Originally Posted by
Three
What you aren't considering is, while T count has a very specific deck composition to use to decide the play, Gordon count has a lot of other situations, which translate to the same TC, that the correct doubles reside in. That causes the average for the TC bin that includes the very rare double situations to say not to double. But for T Count the Gordon TC bin is broken up into many different deck compositions, each of which is a separate decision bin for T Count. Only a very small percentage by frequency is it a correct double.
Originally Posted by
seriousplayer
Then the count is converted to TC a playing strategy is then reveal for the play.
Originally Posted by
Three
This step is what dilutes the bin that contains the correct doubles for the Gordon Count with lots and lots of situations that are don't double situations. The result is an average decision for the TC bin to not double.

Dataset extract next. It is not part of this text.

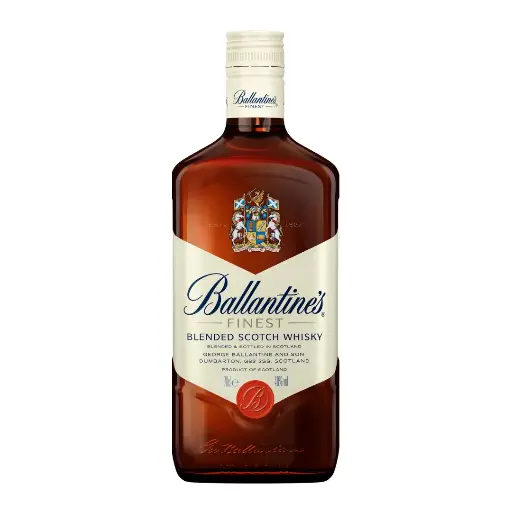 [WBLLF700] Whisky Ballantine’s Finest 700ml – Escocés Premium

I should add for those that have never tried this and since I haven't looked at the Gordon adjustments, that often you get a new index that didn't exist without the side count that gets such a high index value that the TC bins are virtually empty without the side count adjustments. Like you might have an index of +32 and side count(s) adjustments that are quite large for each surplus/deficit side counted card. The result is a play that is not diluted by all the deck compositions since none populated the bin before the side count adjustment was applied and almost entirely based on the side count(s) with the main count being inconsequential. In this case Gordon Count would be able to flag the 12v6 doubles that T Count flags. But if the index when using the side count(s) falls in a populated bin the play will be diluted by a massive amount of unrelated deck compositions that populate the bin when the side count(s) is at or near expectation. The bin will be populated by almost all don't double situations so the decision for the adjustment is to not double even though the bin contains the deck compositions that would have you double.